En un momento dado, Finkel le preguntó si no se había aburrido nunca. Knight, tras meditar durante un buen rato, respondió que no, que se había pasado buena parte de esas tres décadas pensando y que pensar nunca le había resultado aburrido. Además, también sustraía libros de las cabañas, así que había leído lo impensable: escritos filosóficos, clásicos literarios, novelitas de andar por casa y revistas. Y aquello era, claro, munición para el pensamiento.

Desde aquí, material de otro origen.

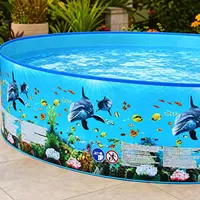 Piscine pliable pour animaux de compagnie, piscine ronde en PVC pour chien, piscine portable pour l'extérieur, pour la cour, le jardin, les jeux aquatiques d'été 4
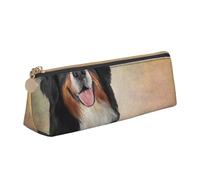 FUkker Astuccio per matite, astuccio per penne triangolari Astuccio portatile in pelle per ufficio scolastico,Ritratto divertente del cane della razza del bovaro bernese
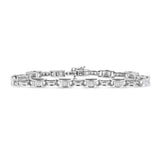 Pulsera tenis de eslabones alternos de engaste invisible con diamantes de 1 ct. p.t. en oro blanco de 14K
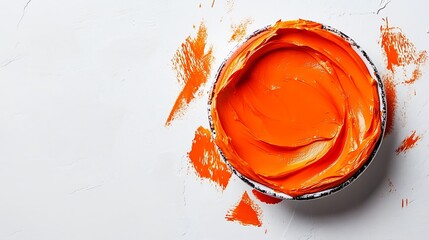 Poster - Bright Orange Oil Paint in Open Tin on Artistic White Canvas Background : Generative AI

Por extraño que suene el párrafo anterior lo cierto, dice Finkel en el libro que escribió tras la publicación del reportaje, es que tiene todo el sentido del mundo: «Según una docena de estudios elaborados en diferentes latitudes, el campamento de Knight –un oasis de calma y tranquilidad– puede haber sido el lugar ideal para poner el cerebro a funcionar a máxima capacidad». Los estudios que cita exploran los efectos nocivos de la contaminación acústica. Todos ellos concluyen, invariablemente, que son peores de lo que pensamos. «En otras palabras –agrega el periodista– el silencio de la naturaleza nos hace más inteligentes».
*
La historia de Knight, quien tras ser declarado «mentalmente capaz» fue puesto en libertad y ahora reside con su madre en el viejo hogar familiar, cuenta con dos elementos sorprendentes que destacan sobre los demás.
El primero es el rol que jugó su familia tras esfumarse. Nunca denunciaron la desaparición. ¿Cómo es posible? La explicación es tan simple como difícil de entender: sostienen que hubiese sido una falta de respeto. En otras palabras: si su hijo y hermano, respectivamente, había decidido quitarse de la circulación, ¿quiénes eran ellos para interponerse en su deseo? (En Estados Unidos la gente de Maine tiene fama de ser particularmente reservada, y según los testimonios recogidos por Finkel entre conocidos de la familia –porque ésta se negó a hablar con él– los Knight eran demasié en ese aspecto incluso para los estándares locales.) De ahí que, al no haber denuncia, nadie le echara en falta.
El segundo elemento más sorprendente de lo normal tiene que ver con uno de los titulares que acompañan su historia (el que encabeza esta pieza, sin ir más lejos). El periodismo suele informar a la audiencia de que en la primavera del año 2013 se encontró a un hombre que llevaba cerca de tres décadas sin hablar con otro ser humano. Sin embargo, Finkel descubrió que esto no era del todo cierto. Knight sí rompió su silencio en todo ese tiempo… dos veces.
La primera ocurrió en los años noventa al cruzarse, en una de sus caminatas por lo más remoto del bosque, con un senderista al que saludó con un escueto «Hola» mientras continuaba su camino. La segunda fue dos meses antes de su arresto, cuando un pescador acompañado por su hijo y su nieto se topó con el campamento. El hombre, llamado Tony Bellavance, guardó el secreto al entender que lo único que buscaba aquel extraño era ser dejado en paz.